■ **PROVIDED DATA**:
··········

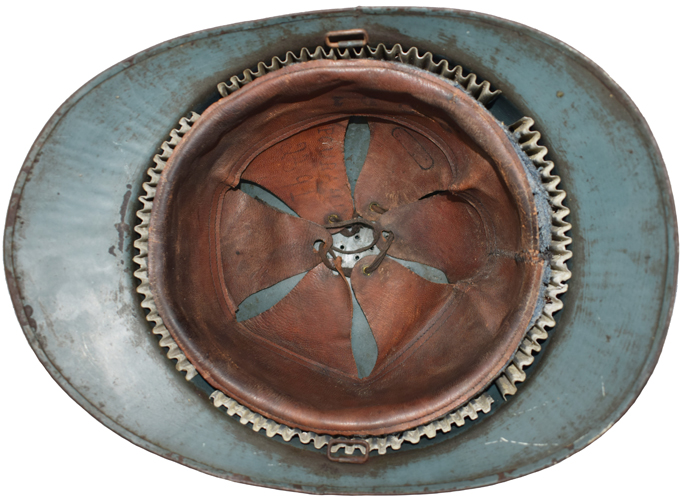 Coiffe Mle 15 de couleur fauve. Coiffe Mle 15 de couleur fauve.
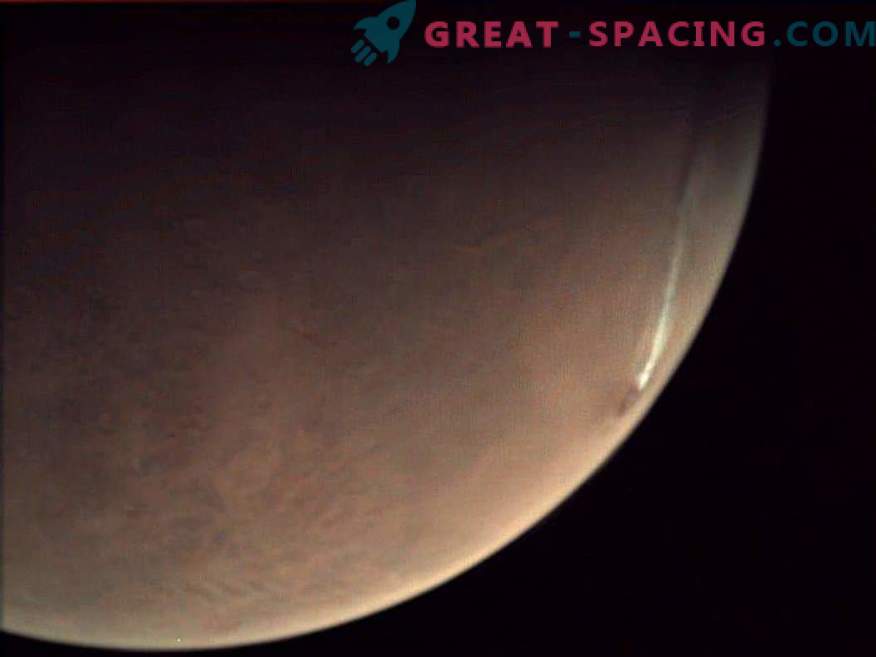 Atividade vulcânica em Marte? A nuvem misteriosa se estende sobre o vulcão marciano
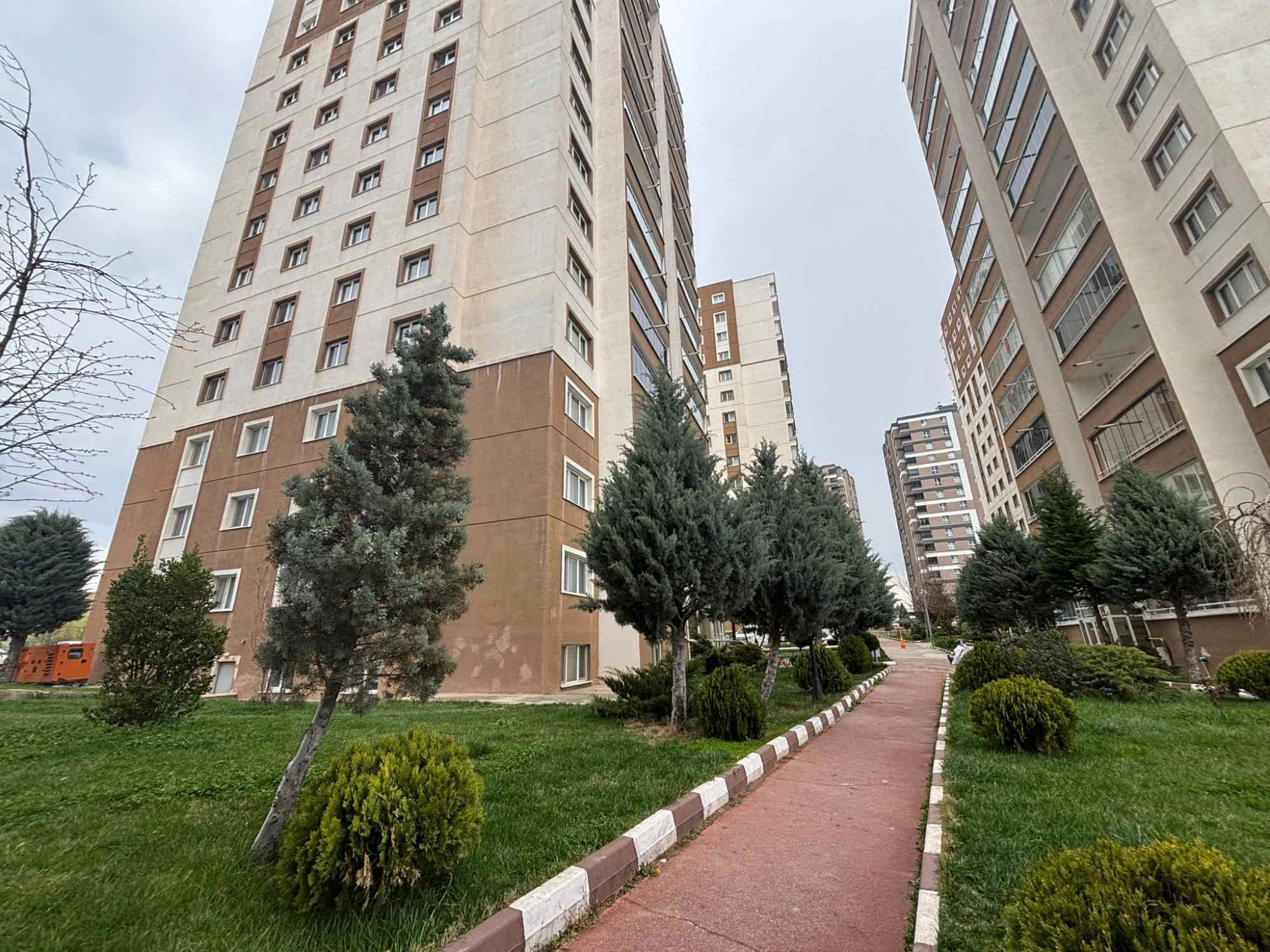 KIRIKKALE ÜNIVERSITESI YAKINI ERYAPI SITESI YAPILI 2+1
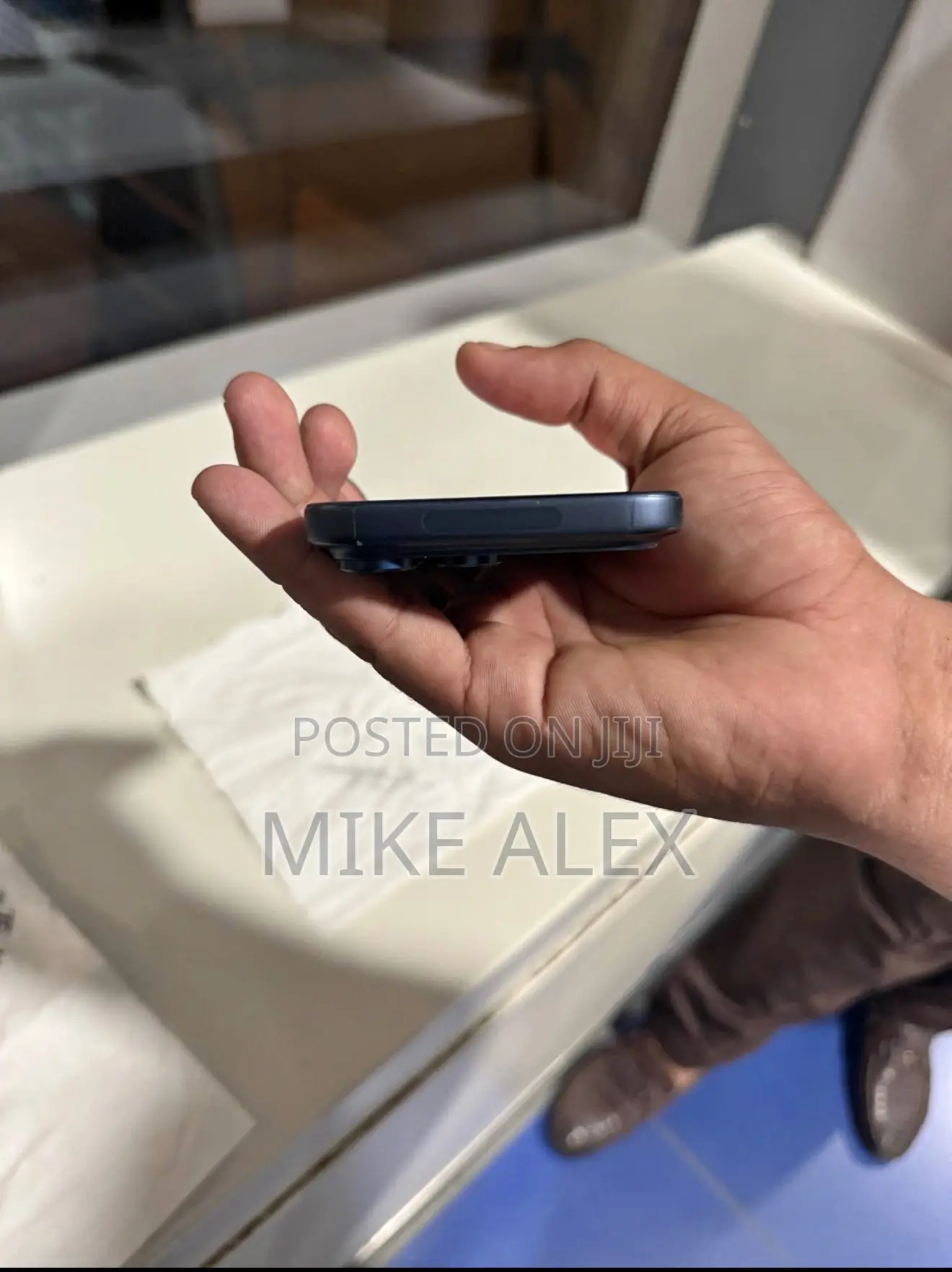 New Apple iPhone 17 Pro Max 256 GB Blue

··········

■ **WORK TASK**:
Using the listing above, copy exactly the lines from the one that contains "KIRIKKALE ÜNIVERSITESI YAKINI" through its last line, both included, but not the pictures.

■ **TASK RESULT**:
 KIRIKKALE ÜNIVERSITESI YAKINI ERYAPI SITESI YAPILI 2+1
 New Apple iPhone 17 Pro Max 256 GB Blue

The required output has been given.